MADRID, 3 (OTR/PRESS)

Si no se heredan los pecados de los padres, ¿cómo se va a contagiar uno de aquellos cometidos por el tipo con quien se hace una foto, o varias? Sin embargo, aunque los pecados de los padres no se heredan, sí, en tantos casos, la inclinación a cometerlos, pues uno, en el fondo, es su padre, por lo que lo de la foto, que a fin de cuentas no es sino una imagen congelada, un «souvenir» plano del pasado, no está tan claro como el presidente de la Xunta de Galicia, Alberto Núñez Feijóo, quiere creer o hacernos creer.
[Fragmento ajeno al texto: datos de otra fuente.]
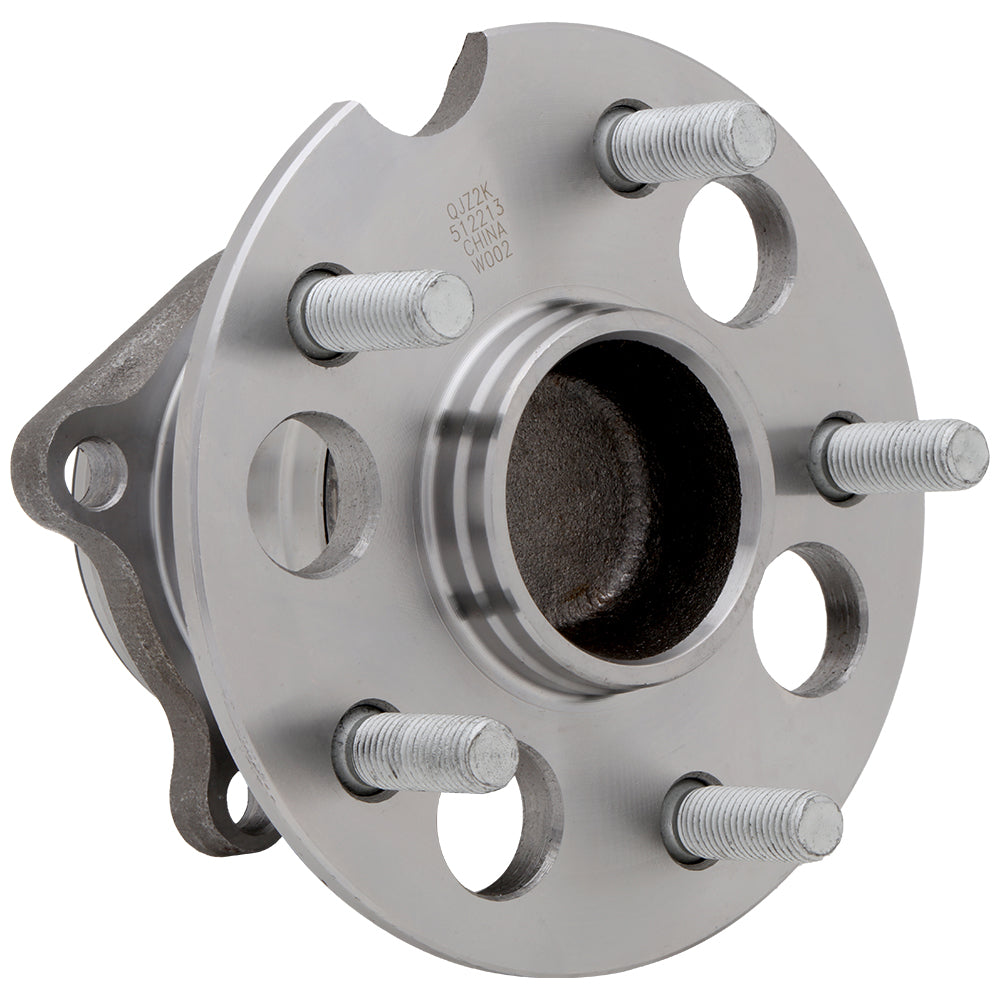 512213 - Rear Wheel Hub Bearing Assembly - Kool Products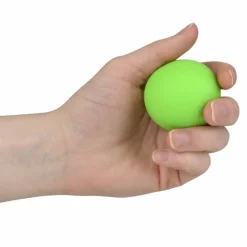 Squish And Stretch Mini Gummi Ball Assortment 1.75" (DZ)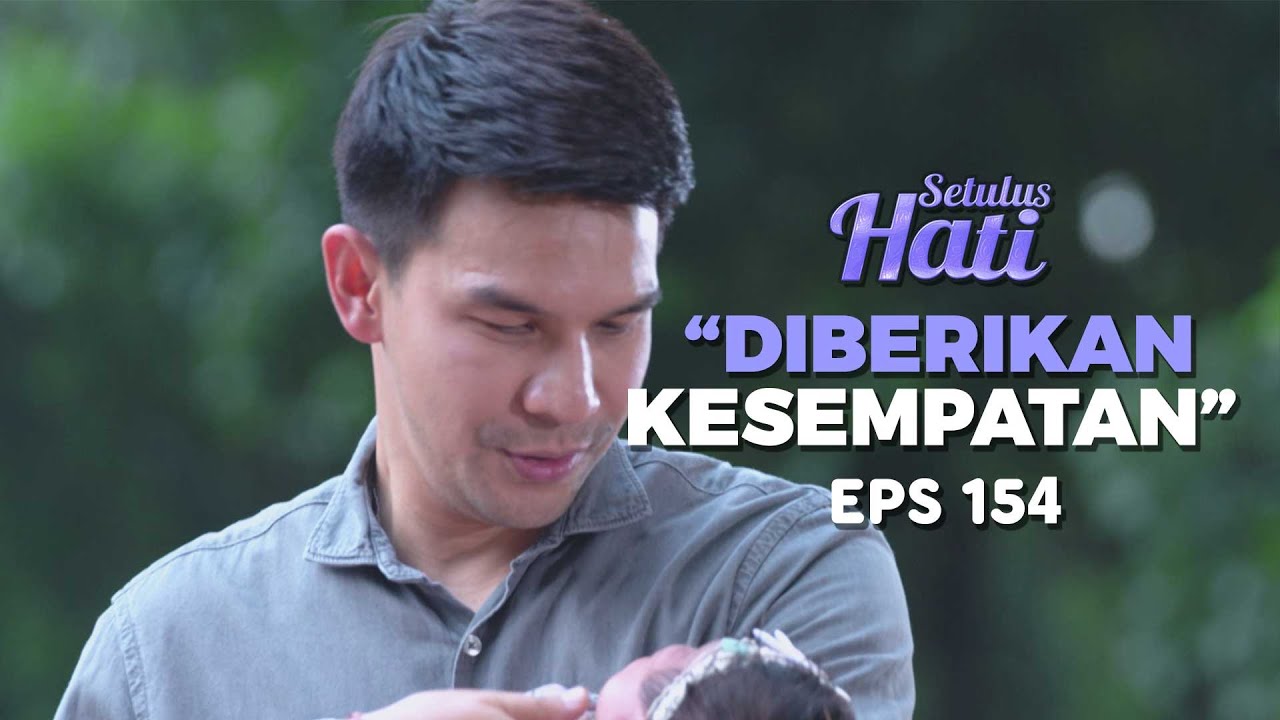 Rossa Akhinya Mengikhlaskan Pelangi Pada Rossa - SETULUS HATI | Eps 154 Part 3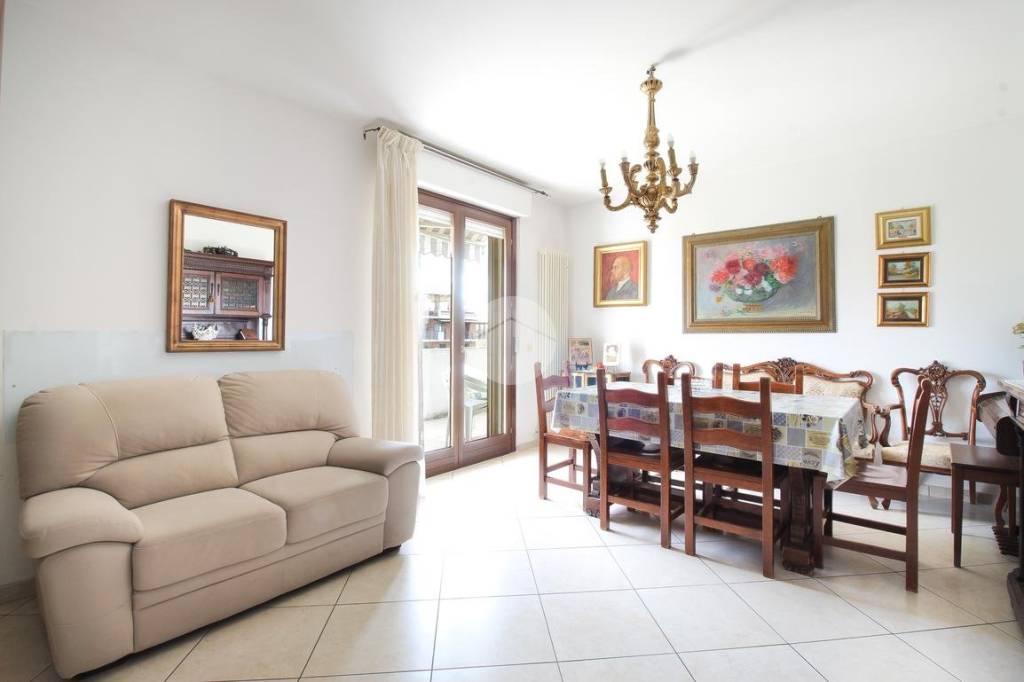 appartamento in vendita a San Benedetto del Tronto in zona Sentina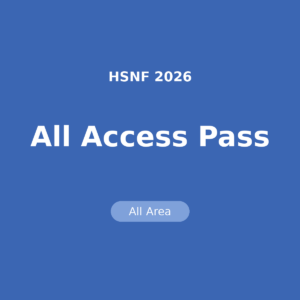 All Access Pass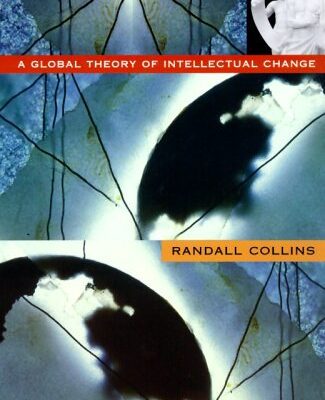 خرید و دانلود نسخه کامل کتاب The Sociology of Philosophies: A Global Theory of Intellectual Change –  PDF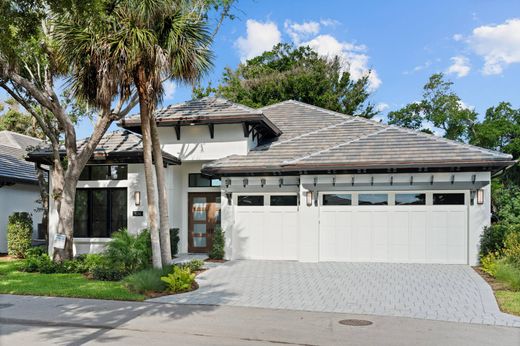 Villa in Vero Beach, Indian River County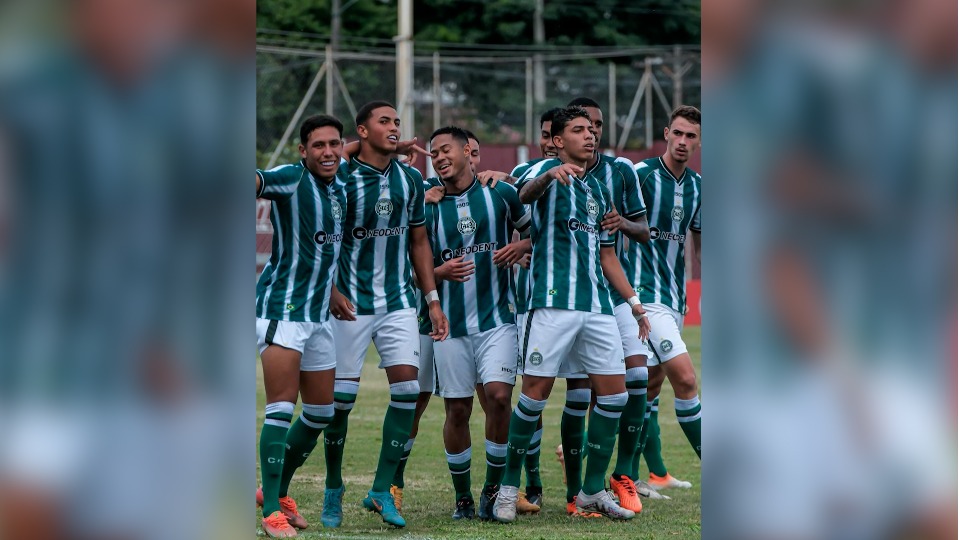 Classificado, Coritiba se despede da primeira fase da Copinha e fica de  olho no mata-mata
Esas fotos en el yate del contrabandista devenido en narco Marcial Dorado tienen, según dice Feijóo como argumento exculpatorio, mucho tiempo, y es verdad, pero también lo es que él mismo también lo tiene, o, cuando menos, el suficiente para haberse hecho esas instantáneas con su amigo Dorado hace no tanto, unos 18 años.
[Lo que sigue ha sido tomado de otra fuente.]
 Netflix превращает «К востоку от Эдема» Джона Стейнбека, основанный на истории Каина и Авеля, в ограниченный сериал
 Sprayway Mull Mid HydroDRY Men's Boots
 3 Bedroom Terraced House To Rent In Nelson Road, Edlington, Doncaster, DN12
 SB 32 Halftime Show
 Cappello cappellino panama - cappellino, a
Dejando a un lado el hecho, pese a ser mucho dejar, de que está feísimo que un alto responsable público de Sanidad se haga fotos amicales con un tío que atenta delictivamente contra ella por razón de los artículos con los que comercia, tabaco y drogas, quedaría, en todo caso, lo sustancial, la dilucidación de qué había o dejaba de haber entre ellos en la vida real, en movimiento, que las fotos no recogen. No lo sabemos, pero puestos a saber o a no saber, lo que sí sabía Alberto Núñez Feijóo es quién era el señor Dorado y a qué se dedicaba, a menos que fuera el único gallego en ignorarlo. Yerra, pues, el todavía presidente de Galicia al pretender una ignorancia que se antoja imposible, sobre todo en un hombre tan listo ya entonces para tantas otras cosas, y yerra, sobre todo, al sustituir su inicial «mea culpa» por su «torpeza» de antaño por el rollo de la conspiración contra su persona y, de rebote, contra el Partido Popular.
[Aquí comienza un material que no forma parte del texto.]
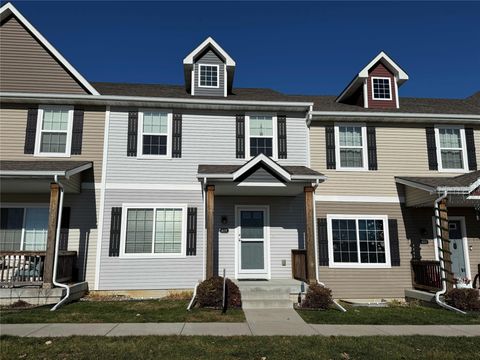 619 Kingston Avenue Norwalk IA 50211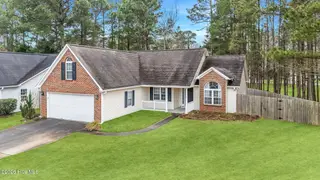 3433 Preakness Place, New Bern, NC 28562 – photo 4: Welcome home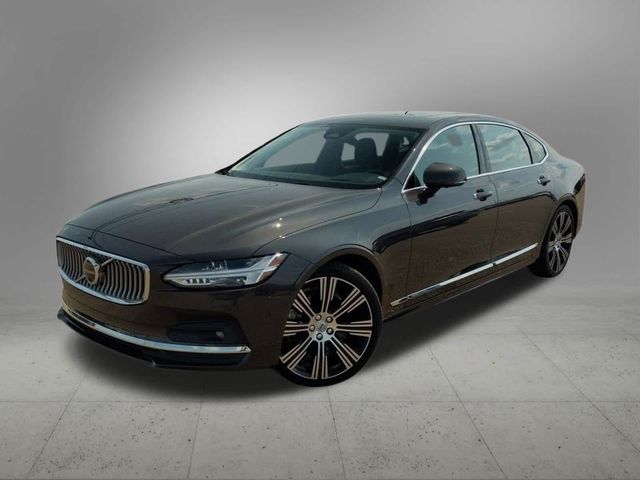 2022 Volvo S90 Inscription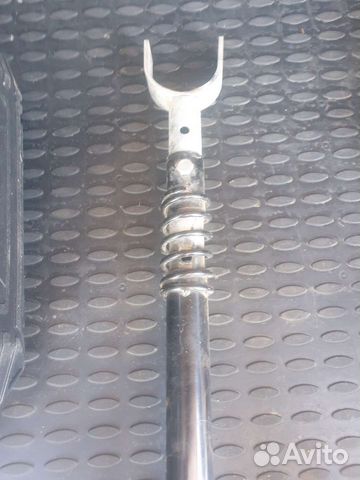 Держатель для мотора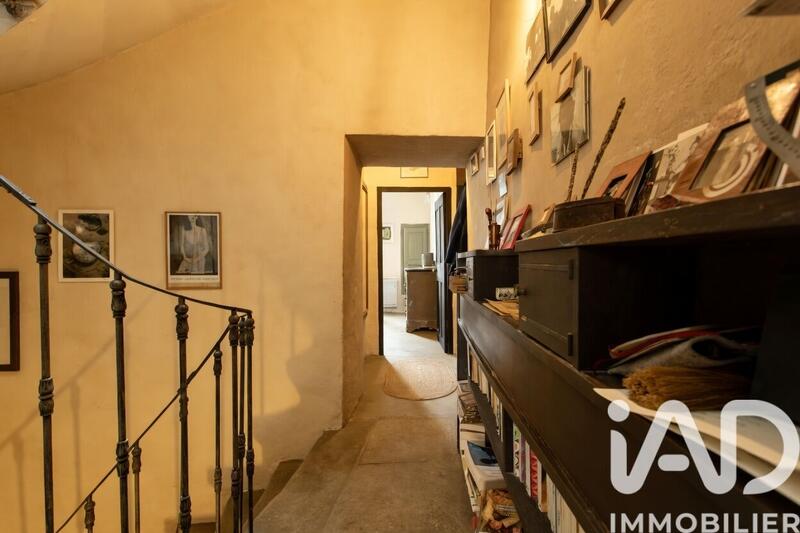 Maison de village - 205 m² - 7 pièces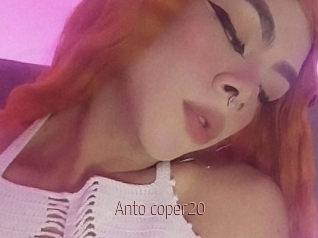 anto_coper20 Sexe désirs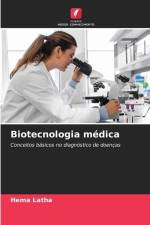 Biotecnologia médica af Hema Latha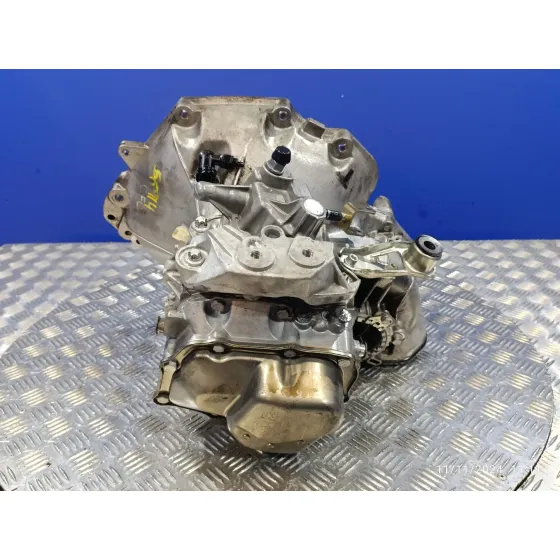 Caja Cambios para Opel Corsa C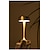 Недорогие Настольные лампы-Перезаряжаемая металлическая настольная лампа в форме гриба с 3-цветным затемнением для спальни, гостиной, атмосферная настольная лампа, перезаряжаемая через USB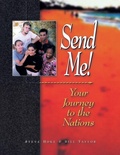 Cover: Send Me! - William Carey Publishing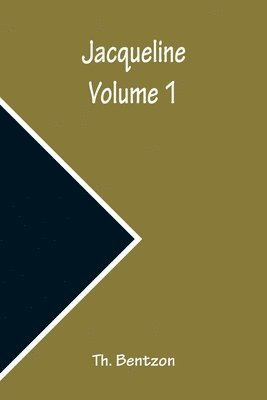 Jacqueline - Volume 1 1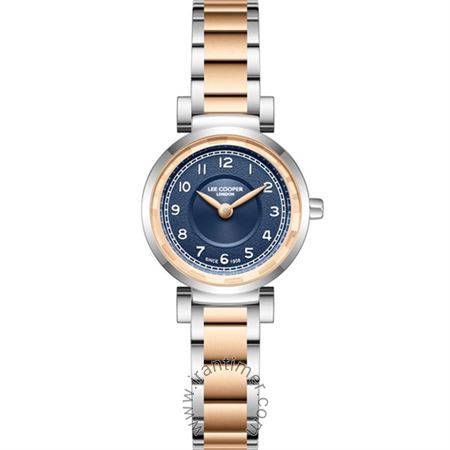 قیمت و خرید ساعت مچی زنانه لیکوپر(LEE COOPER) مدل LC08270.590 کلاسیک | اورجینال و اصلی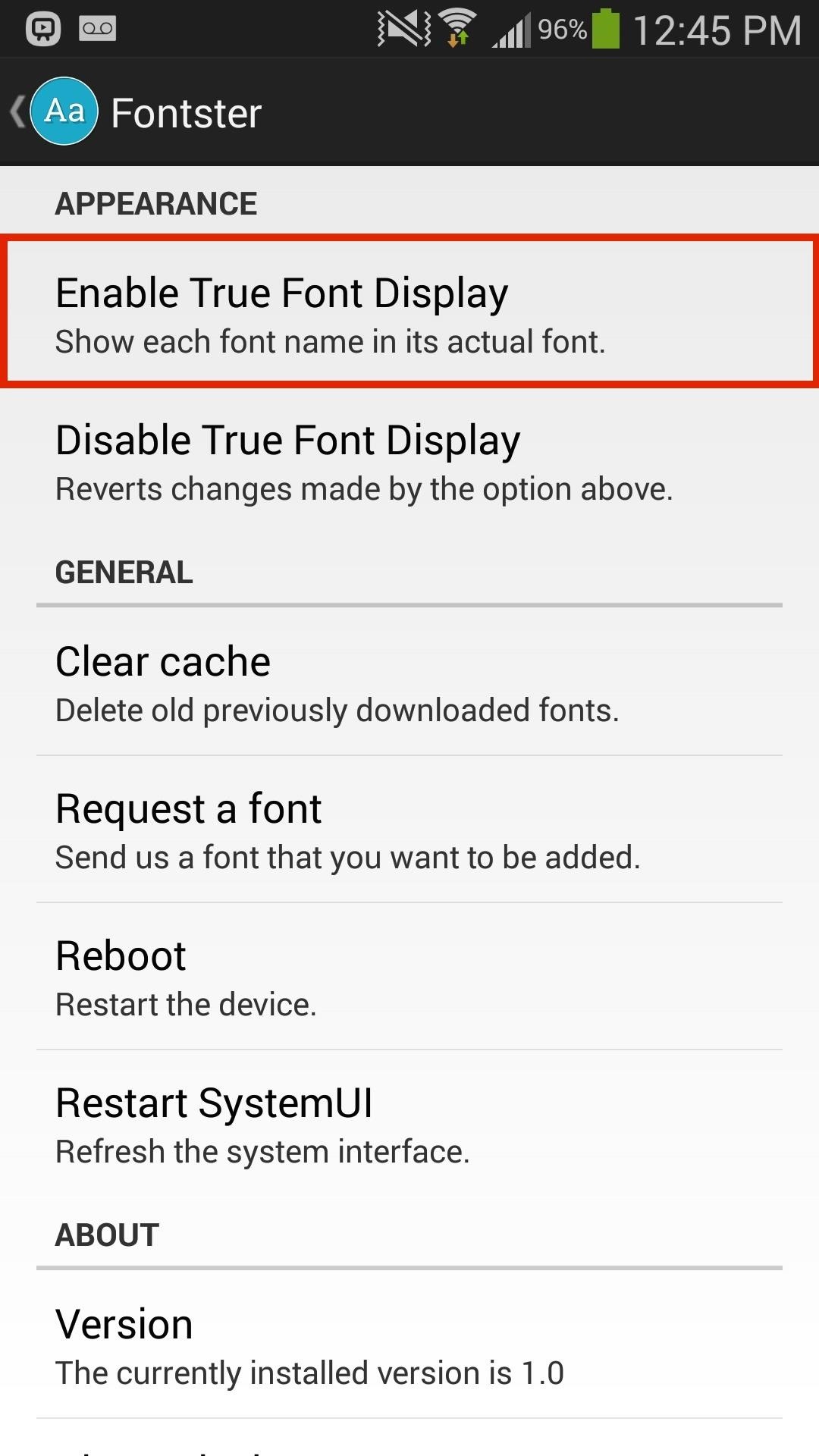 How to Change System Fonts on Your Samsung Galaxy Note 3 (Root & Non-Root Methods)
Conspiración puede que la haya. Es más; los errores del pasado conspiran siempre, latentemente, contra nuestro presente y nuestro futuro. Núñez Feijóo conspiró contra él mismo y sus ambiciones políticas, sin saberlo, cuando se hizo tan amigo de Dorado como para compartir con él yate y eso tan delicado que es «el ocio» (la madre de todos los vicios, se decía) y los viajes de placer. Ahora, otros, sea el PSOE o sea alguien del propio Partido Popular que le quiere lejos de la sucesión de Rajoy, no tienen más que tirar de foto, de memoria.